Depois de recomendarem há 15 dias nada menos que 700 modificações em um texto de apenas 36 páginas que os 191 países-membros vinham negociando em conjunto, os EUA chegam ao encontro nesta semana com uma única ênfase: reformar a ONU para deixá-la mais enxuta e eficiente.
Para muitos países-membros, a reforma proposta pelos EUA é a senha para que seja minimizado o papel do organismo, deixando os norte-americanos mais livres para agir e exercer sem constrangimentos o seu poderio militar.

Novo fôlego


Os EUA ganharam novo fôlego para seus propósitos na semana passada, quando um relatório final mostrou uma série de irregularidades e desvios em um dos principais programas humanitários da ONU dos últimos anos, o Petróleo por Alimentos, destinado ao Iraque.
Na sexta-feira, a secretária de Estado dos EUA, Condoleezza Rice, afirmou que o relatório sobre as irregularidades deveria ser visto como uma ""oportunidade para que sejam feitas reformas (na ONU) capazes de impedir que isso jamais aconteça de novo".
Embora o relatório tenha inocentado o secretário-geral do órgão, Kofi Annan, ele recebeu fortes críticas por ter permitido que Saddam Hussein obtivesse mais de US$ 10 bilhões ilegalmente por meio do programa.
Do ponto de vista global, os dois principais assuntos que os países esperavam discutir -formas efetivas de financiar o combate à pobreza e a reforma do Conselho de Segurança- têm sido sistematicamente rechaçados pelos EUA.
O embaixador norte-americano na ONU, John Bolton, fez um protesto direto contra incluir no texto da reunião o percentual de 0,7% do PIB (Produto Interno Bruto) com o qual os países ricos se comprometeriam em financiamentos para atingir as chamadas Metas do Milênio -uma série de objetivos para melhorar os indicadores dos países pobres até 2015.

John Wayne

Bolton, já apelidado de John Wayne por parte da mídia norte-americana, também tem se posicionado contra a ampliação do número de países que fazem parte permanentemente do Conselho de Segurança (EUA, Reino Unido, França, China e Rússia).
Do ponto de vista brasileiro, a reforma do conselho é o principal ponto de interesse.

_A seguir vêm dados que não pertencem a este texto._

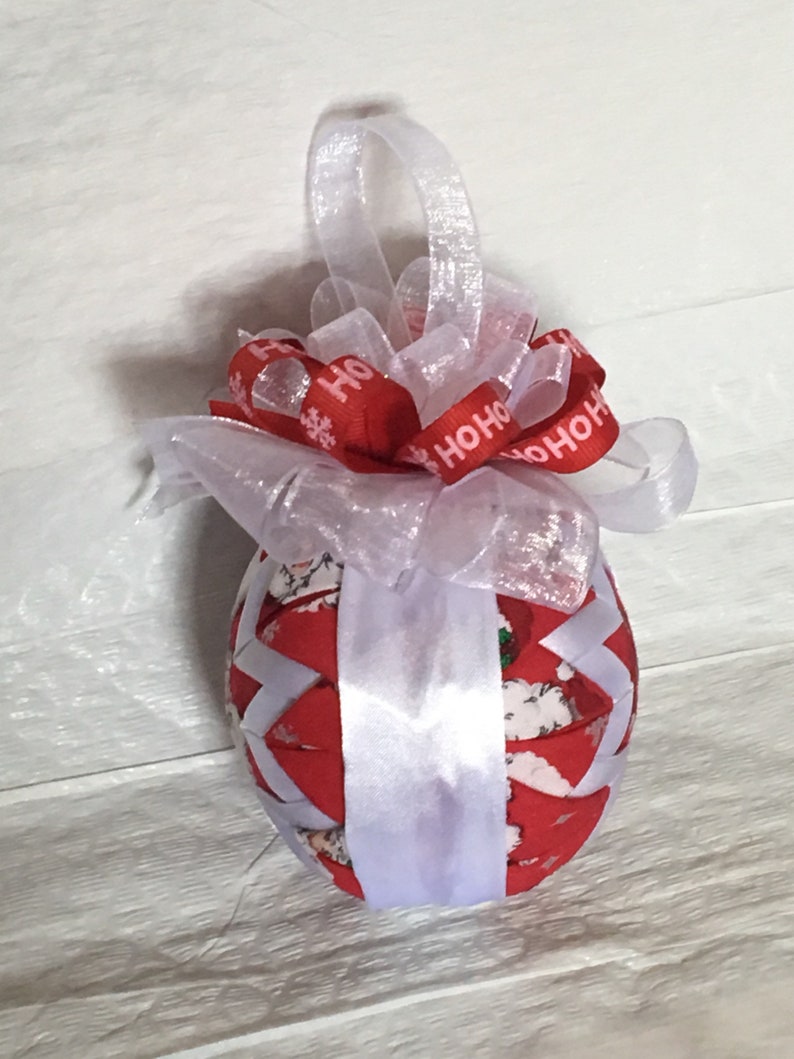 teacher gift Christmas Gift Santa Ornament Christmas Ornament Quilted Christmas Ornament secret santa gift santa Claus Ornament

Um dos articuladores do G-4, que reúne ainda Japão, Alemanha e Índia, o Brasil vem insistindo na ampliação do conselho e tentando cooptar países africanos para obter os 128 votos necessários para levar a reforma adiante.
Em entrevista à Folha, Edward Mortimer, membro do comitê executivo do secretariado-geral da ONU, afirmou que dificilmente o encontro dessa semana terá conseqüências no sentido do que espera o Brasil.
Do ponto de vista dos EUA, que já encontra oposição no conselho da França e considera Rússia e China instáveis, a entrada de novos países somente dificultaria, em termos práticos e políticos, tomar decisões unilaterais, como a invasão do Iraque em 2003.
Nos eventos dessa semana, o presidente Luiz Inácio Lula da Silva participará apenas de reuniões na quarta e quinta-feira próximas. Ao contrário dos dois primeiros anos de seu mandato, ele não fará o tradicional discurso brasileiro na abertura do debate geral da assembléia, no sábado.
O ministro das Relações Exteriores, Celso Amorim, que substituirá Lula na ocasião, negou que a ausência do chefe tenha relação com um possível constrangimento por causa das denúncias de corrupção que o presidente enfrenta em casa.